勇者でありながらこんな屈辱を味わうことになるなんて、家族に知れたらなんて言われるかわからない。
だが、バレることはない。カイセイはもう死んだんだ。僕は安心してそっと目をつぶった。
「まさか本当に命からがら帰ってくるとはね」
なんとか夜を耐え忍び、マジュナの魔力が回復したことで、僕たちは無事王都に帰還することができた。

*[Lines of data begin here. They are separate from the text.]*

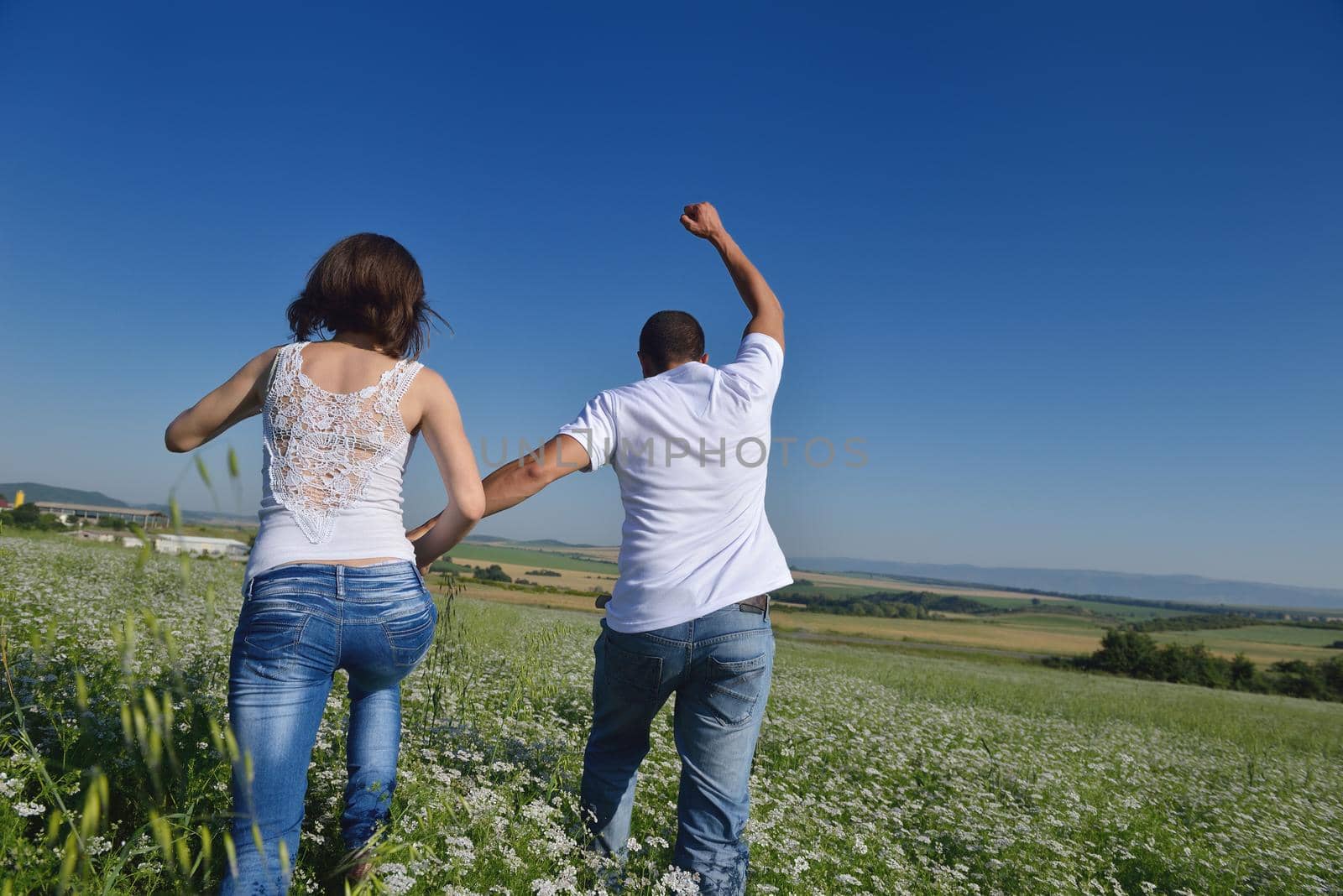 happy young couple in love have romance and fun at wheat field in summer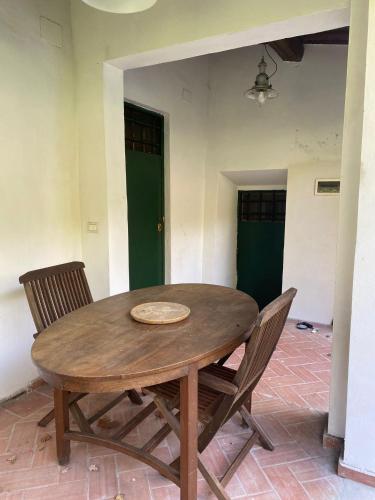 a wooden table and chairs in a room with green doors at Casale Monte Oliviero - Bike Friendly B&B in Rome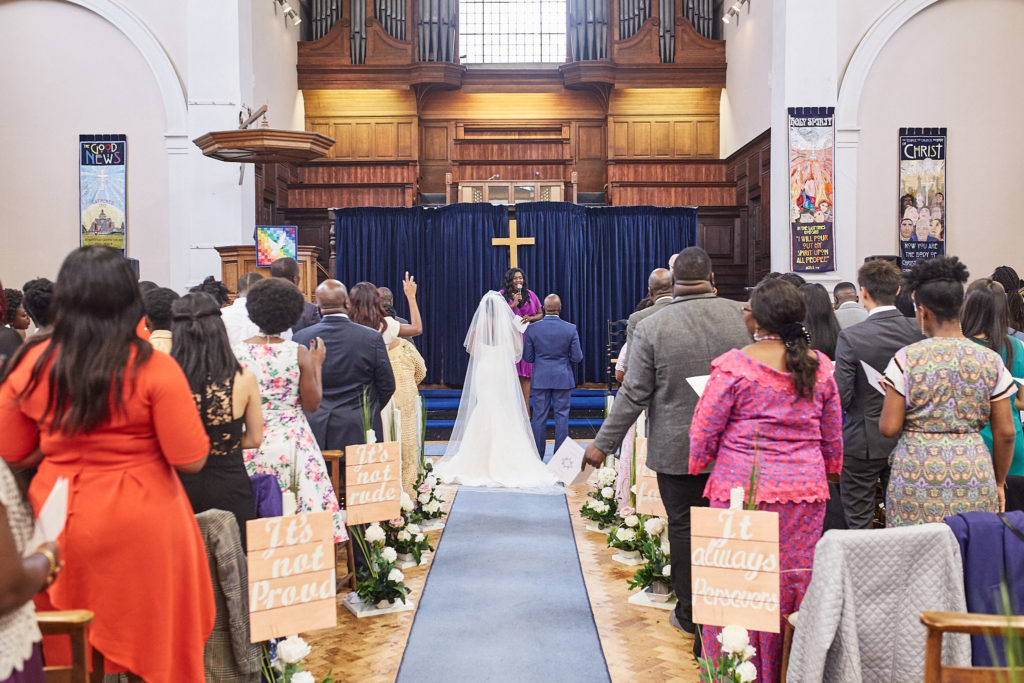 Bride walking down the aisle, seen from behind, as guests stand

「でも、どういうことかしら、あたしたちを見ても誰も声をかけてこないんだけど」
「なんだか慌ただしくしていますね。一体どうしたんでしょうか」
「まあ、俺たちがいつになくボロボロだから、誰かわかっていなんじゃないのか?」
ガードンの言う通りかも知れない。
実際に、通りの向こうにいた男はこちらに向けて駆けてきた。
「やや、バドン様。お帰りになりましたか。待っておりました」
そこらを歩いていた大臣は僕たちに気づいたらしく、街に来てやっと声をかけられた。
「どうもダジーンさん。待っていたってどういうことですか? 何かあったんですか?」
「どうしたもこうしたも。いえ、それよりまずはみなさんの方です。バドン様ほどのパーティが一体どうしたのですか? そんなボロボロになられて。それにカイセイ様の姿が見えないのですが」
「それは……」
僕たちは互いに頷き合い、予定通り話を進めることを確認した。
黙り込み下を向く。
そんな、なかなか言い出さない僕たちに大臣はハッと息を漏らした。
「まさかやられてしまったのですか?」
「言いにくいのですが。はい。ダンジョンの47層は僕たちの想像以上でした。警戒していたのですが……」
「そう、ですか。冒険者は冒険の最中に死んでも仕方がないとは言え、バドン様たちがいながら、なおダメだったとなると今後誰が言っても望みは薄いでしょうね」
「ですが、いずれ最下層まで攻略して見せます。カイセイの仇を取るためにも、そして、魔王を倒すための何かを手に入れるためにも」
「ありがとうございます。民衆も安心すると思いますよ。帰りが遅く、ボロボロになっても生き残った勇者様ですからね」
「もちろんです。それで、その民衆は一体どうしたと言うんですか? 街の様子がおかしいじゃないですか」
僕の質問に、今度は大臣の方が言いにくそうにうつむき出した。
「まさか、魔王軍が攻めてきたんですか?」
「いえ、そうではないのですが、魔王軍に関することではあります」
「何があったんですか?」
「あれです。魔王城周辺の天候が荒れているのです」
「そんなのいつものことでは?」
「見てください。ここからでも確認できるほどの大荒れなんです」
大臣の珍しく出した大声に、僕はつられて指さす方を見た。
確かに、王都からも天変地異、嵐の様子がうかがえるほど、魔王城周辺が荒れているようだった。
「あれは?」
「わかりません。先遣隊を向かわせたのですが、まだ情報は入ってきません」
「なるほど、そういうことね。帰ってきたばかりでボロボロなあたしたちに、偵察に向かってほしいから言葉が詰まったのね」
「……」
返事がないところを見るとどうやら図星らしい。
「それくらいのこと。私たちなら受けて当たり前のことです。ねえ、バドン様」
「もちろんだ」
「そうこなくっちゃな。こんな事態に俺たちが向かわないで誰が行くってんだ」
「皆様。カイセイ様を失って心の傷も癒えていないでしょうに。なんて心強い」
「ここで足踏みしてたんじゃ。カイセイにも顔向けできませんからね。彼も勇者パーティの一員だったんですから」
「ありがとうございます。ありがとうございます。サポートは全力でさせていただきます」
大臣に頭を下げられ、僕たちは大臣と魔王城偵察の約束をしたことになってしまった。
本当は後一週間くらいは仲間が死んだことを言い訳にゆっくりダラダラとしたかったが、こうなっては仕方ない。
カイセイについて細かいことを聞かれなかったことをよしとして、向かうことにしよう。